22.155 The functions and attributes of the ENARGAS include the following:

  1. to ensure compliance with the terms of law 24,076, regulations in force and the licenses of the privatized companies;

  2. to advise the Government regarding the assigning, renewal or cancellation of licenses;

  3. to issue regulations, decrees or publications on the results of its investigations in relation to certain matters submitted to the Entity;

  4. to issue and control compliance with regulations relating to technical and safety aspects, uniform accounting, metering and billing and disconnection procedures.

  5. to prevent discriminatory or un-competitive behavior by companies covered by the Gas Act;

  6. to approve tariffs and their adjustments;

  7. to issue guidelines to be met by licensees in relation to open access to the system, guaranteeing fair and equitable distribution of available transport capacity, taking into account the priority assigned to non-interruptible service.

  8. to issue approvals for the transfer of majority holdings in gas distribution and carrying companies;

  9. to approve the construction of significant new facilities, and the extension or abandonment of existing installations;

  10. to inspect and approve installations and order the suspension of the service and the repair or replacement of facilities and equipment;

  11. to issue regulations on the maintenance of the installations, informing on the requirements to be fulfilled by the licensees in this regard;

  12. to be responsible for the protection of the environment and the public service;

  13. to request the regulated entities to provide information and documentation to verify compliance with the corresponding regulations and to inspect carrying companies;

  14. to apply sanctions, including warnings and fines as foreseen by the Gas Act and the licenses; and

  15. to appear before Civil and Criminal Courts to enforce compliance with the Gas Act and the regulations issued on the basis of that law.

22.156 One of the most notable aspects of the regulation performed by the ENARGAS is that its decisions are subject to judicial review.
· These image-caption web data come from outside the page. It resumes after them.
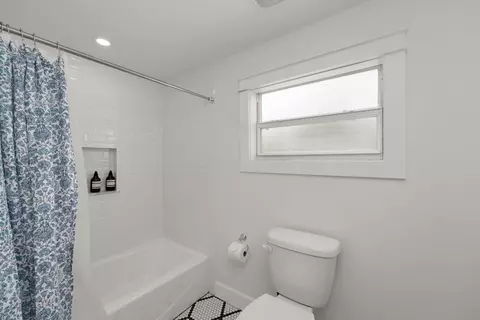 Bath - 52 Spring St, Saint Augustine, FL 32084 photo 9 of 9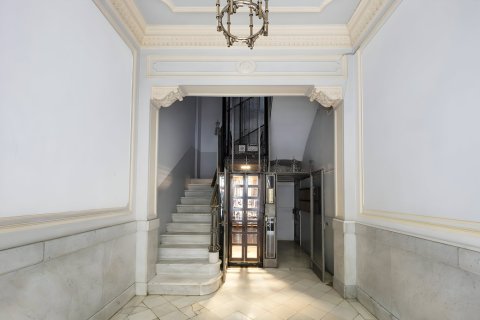 Apartment for sale Eixample, Barcelona, Spain 3 bedrooms, 104 sq.m. No. 133391 - photo 23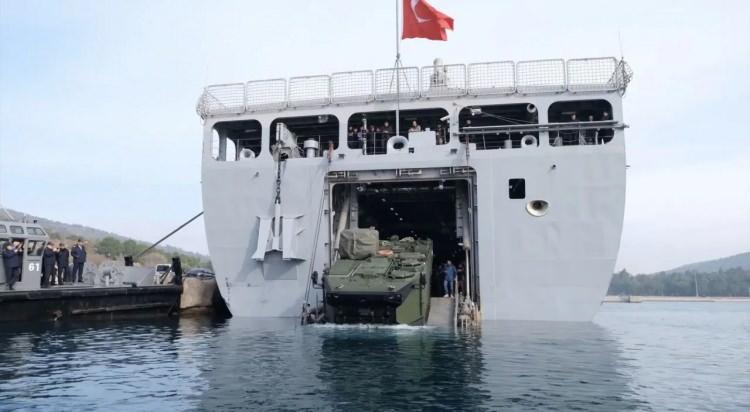 <p>Harekatın çıkarma safhasında araçlar, kıyıya yanaşan havuzlu çıkarma gemilerinden denize iniyor ve aradaki birkaç kilometrelik mesafeyi, yüksek süratle kat ederek, birliklerin, koruma altında, en kısa zamanda karaya çıkmasını sağlıyor. Karada ise diğer zırhlı araçlarla yan yana görev icra edebiliyor.</p>

<p> </p>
Conflicts between two regulated entities or between a regulated entity and a third party that arise out of the distribution, storage, carrying or sale of natural gas must be submitted in the first instance to the ENARGAS for a ruling. The decisions of the ENARGAS may be appealed by means of the filing of administrative recourses with the Ministry of Economy and Public Works and Service, or directly before Argentine federal courts.